• [How to complete this task]:
What are the lines, word for word, from the line with "Sewing bobbin being" up to and including the line with "Young gay couple" in the records below? Omit the pictures.

Short descriptive text snippets:
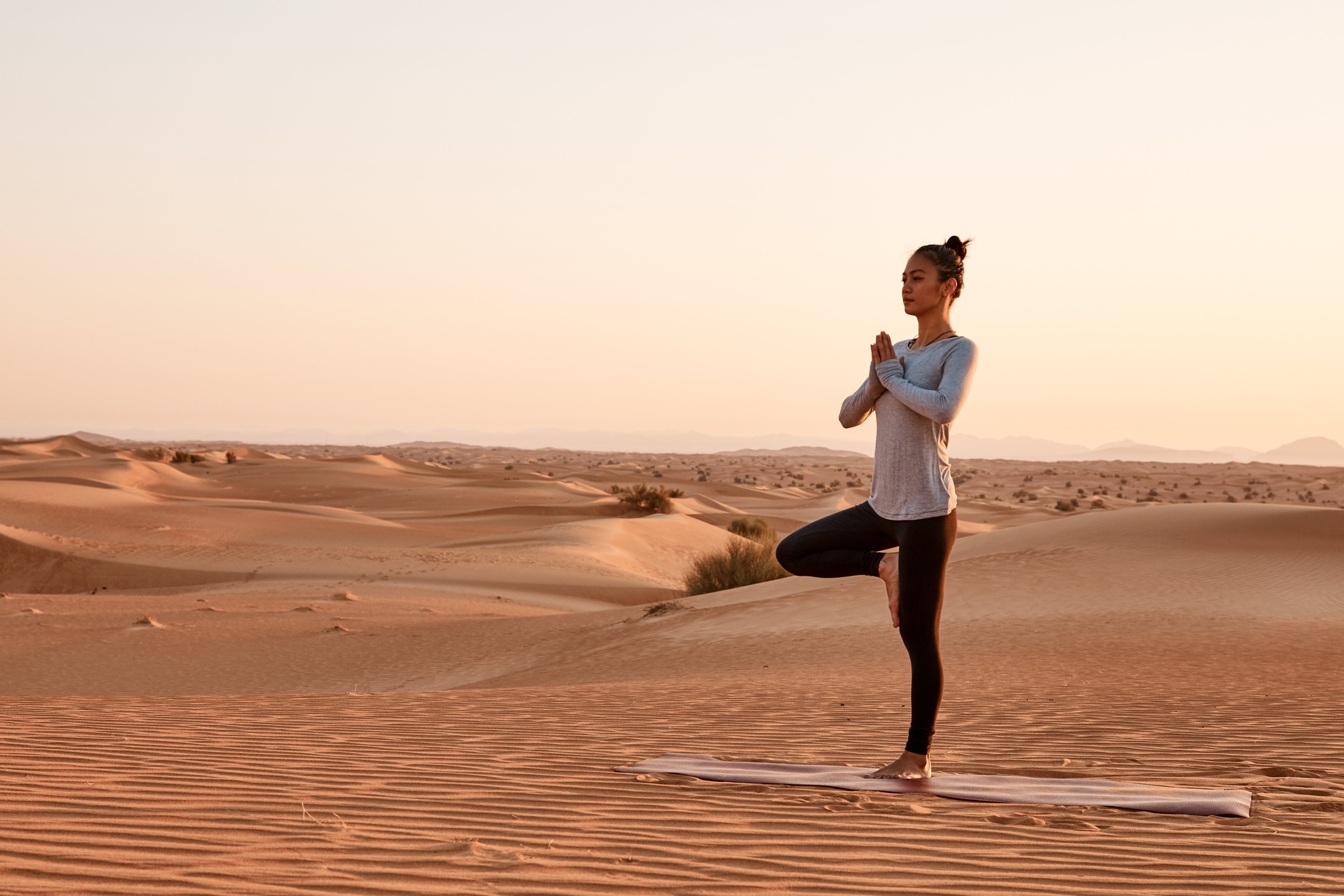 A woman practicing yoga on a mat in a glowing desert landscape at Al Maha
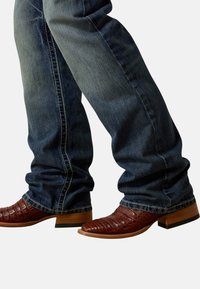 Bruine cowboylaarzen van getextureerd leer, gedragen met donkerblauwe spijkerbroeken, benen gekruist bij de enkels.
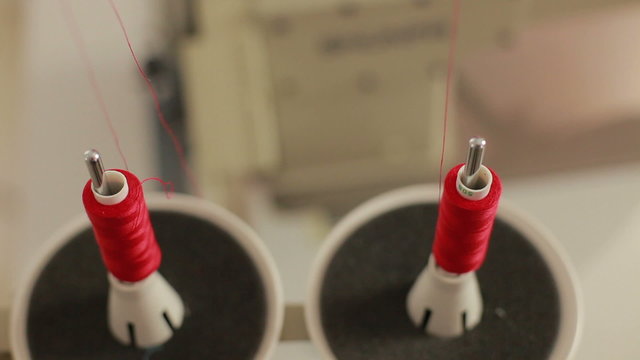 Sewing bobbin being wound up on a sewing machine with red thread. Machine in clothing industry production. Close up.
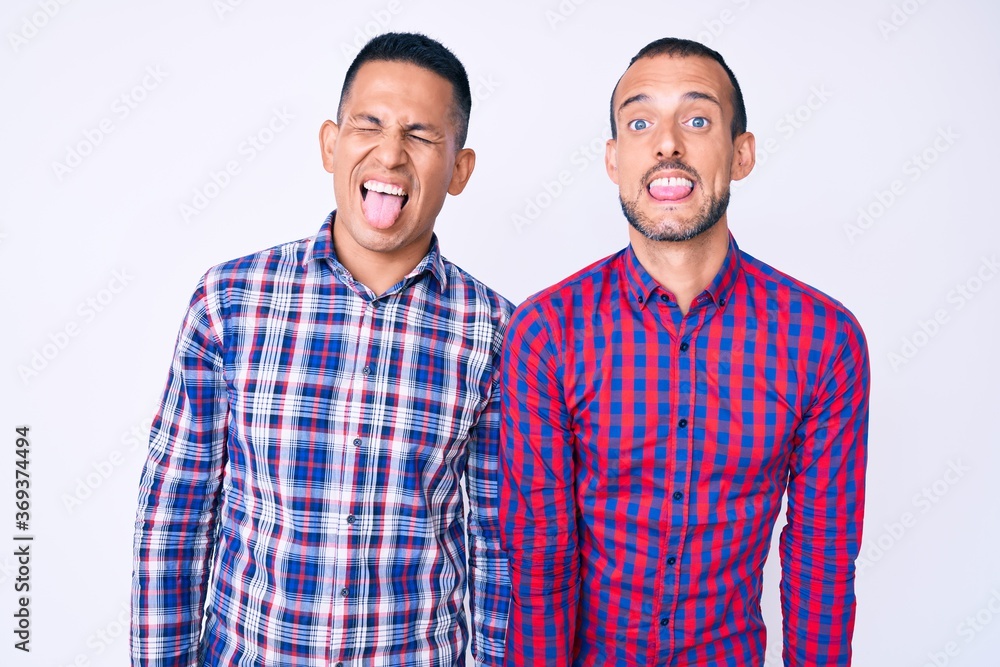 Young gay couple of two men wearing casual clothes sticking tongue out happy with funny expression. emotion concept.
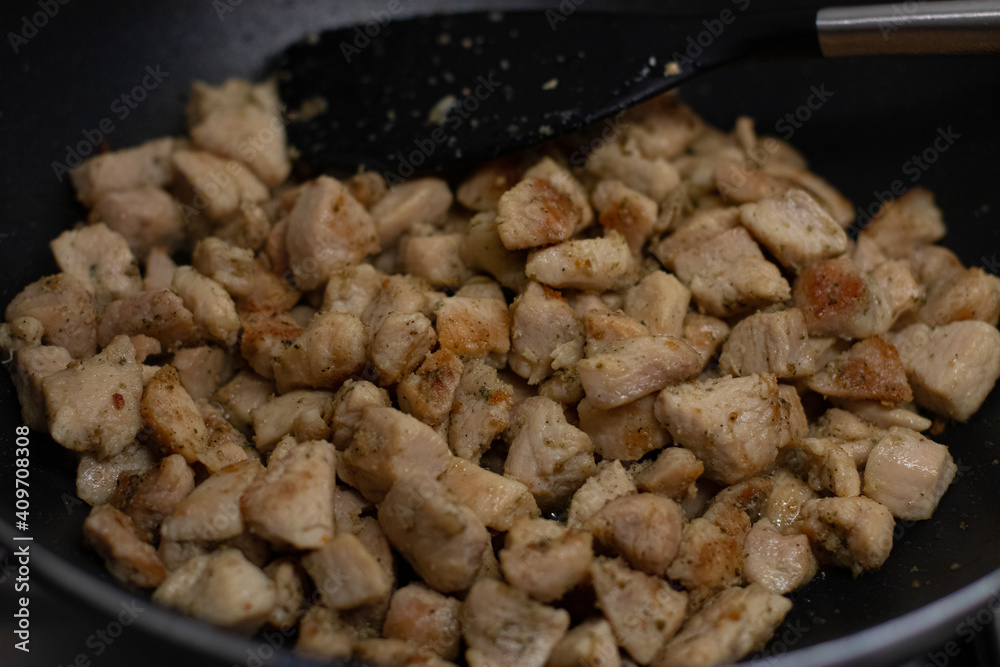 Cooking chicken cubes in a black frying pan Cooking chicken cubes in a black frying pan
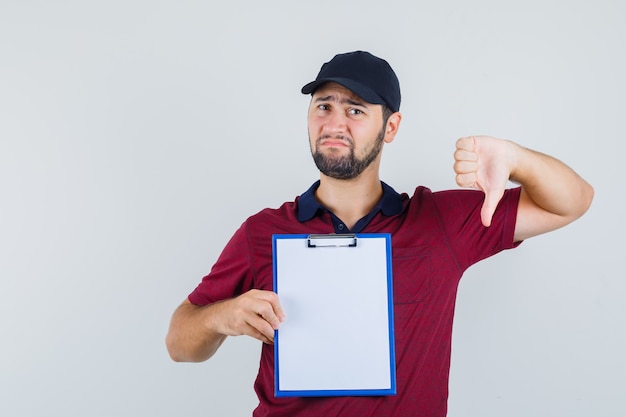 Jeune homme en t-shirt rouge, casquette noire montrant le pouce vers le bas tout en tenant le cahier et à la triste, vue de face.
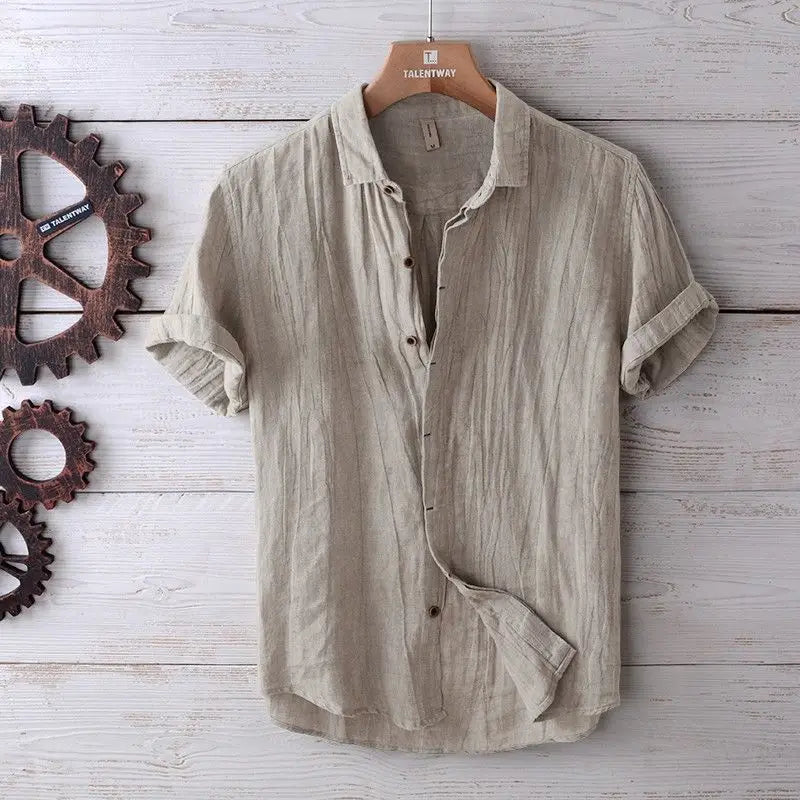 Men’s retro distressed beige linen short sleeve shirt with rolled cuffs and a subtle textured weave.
==
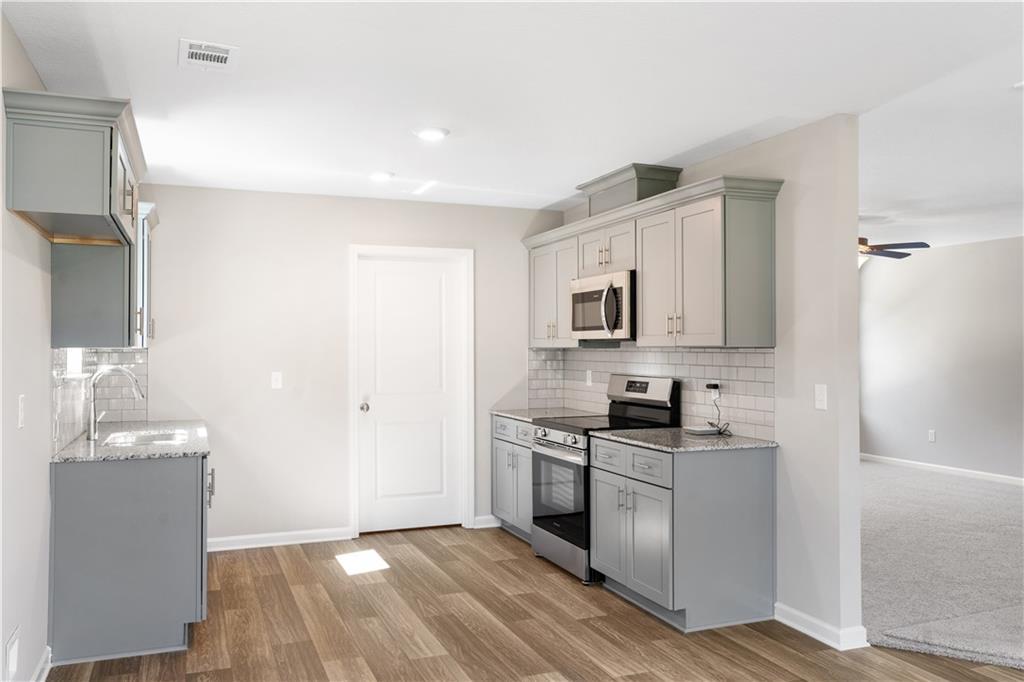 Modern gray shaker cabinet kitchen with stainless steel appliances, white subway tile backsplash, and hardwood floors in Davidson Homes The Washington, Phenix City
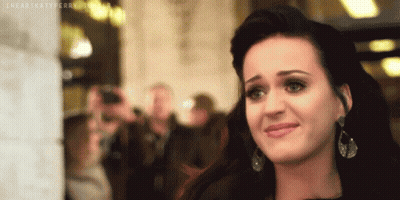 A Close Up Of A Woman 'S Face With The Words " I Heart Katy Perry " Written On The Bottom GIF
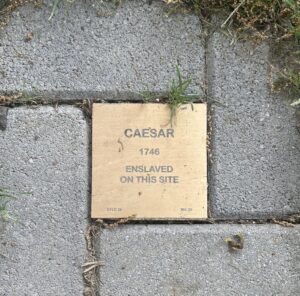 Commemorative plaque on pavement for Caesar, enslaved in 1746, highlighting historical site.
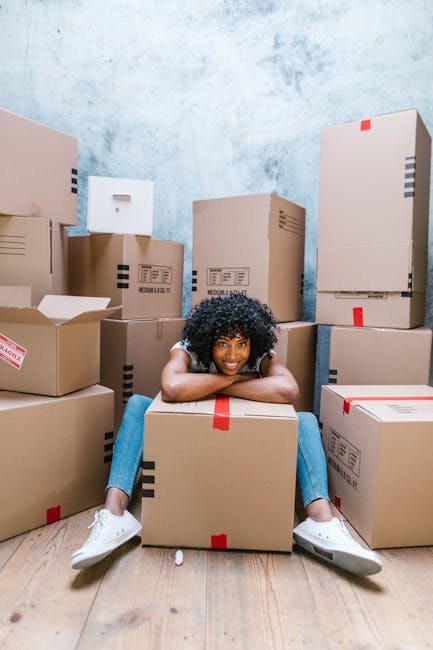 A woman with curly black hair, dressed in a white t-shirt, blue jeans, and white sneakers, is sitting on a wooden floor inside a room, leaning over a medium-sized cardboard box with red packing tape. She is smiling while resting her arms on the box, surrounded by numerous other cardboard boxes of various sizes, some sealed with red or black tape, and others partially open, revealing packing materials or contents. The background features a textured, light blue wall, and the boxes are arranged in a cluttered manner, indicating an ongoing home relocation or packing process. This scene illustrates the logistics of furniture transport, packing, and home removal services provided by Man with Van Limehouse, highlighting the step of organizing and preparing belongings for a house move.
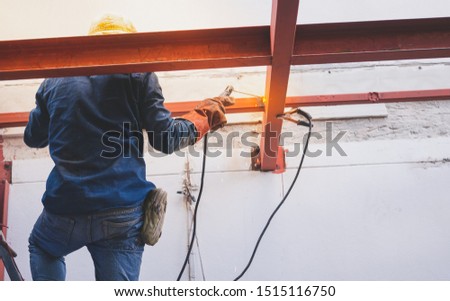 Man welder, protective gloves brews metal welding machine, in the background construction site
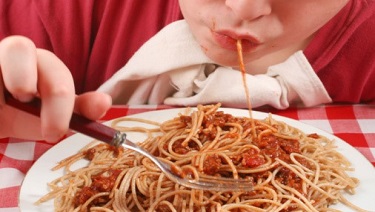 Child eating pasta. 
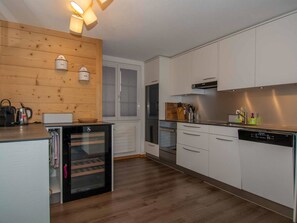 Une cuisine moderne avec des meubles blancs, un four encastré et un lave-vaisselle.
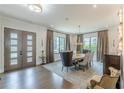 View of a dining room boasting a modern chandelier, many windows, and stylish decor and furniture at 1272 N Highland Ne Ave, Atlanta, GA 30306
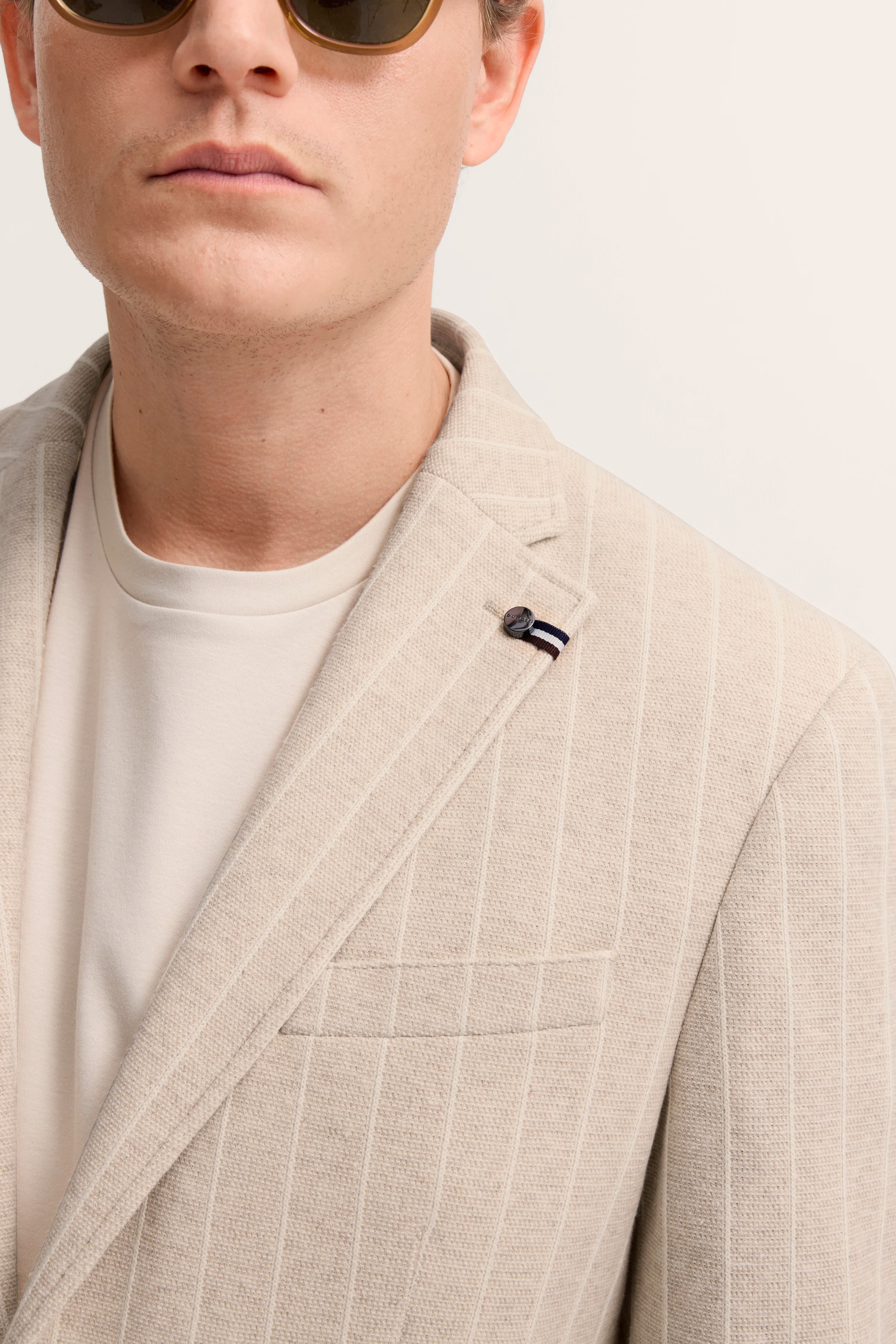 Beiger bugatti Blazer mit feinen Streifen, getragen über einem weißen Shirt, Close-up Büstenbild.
==
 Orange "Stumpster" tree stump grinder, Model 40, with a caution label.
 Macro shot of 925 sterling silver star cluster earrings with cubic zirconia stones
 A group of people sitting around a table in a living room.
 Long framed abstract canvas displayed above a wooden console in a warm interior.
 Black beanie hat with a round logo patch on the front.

• [Answer to this task]:
 Sewing bobbin being wound up on a sewing machine with red thread. Machine in clothing industry production. Close up.
 Young gay couple of two men wearing casual clothes sticking tongue out happy with funny expression. emotion concept.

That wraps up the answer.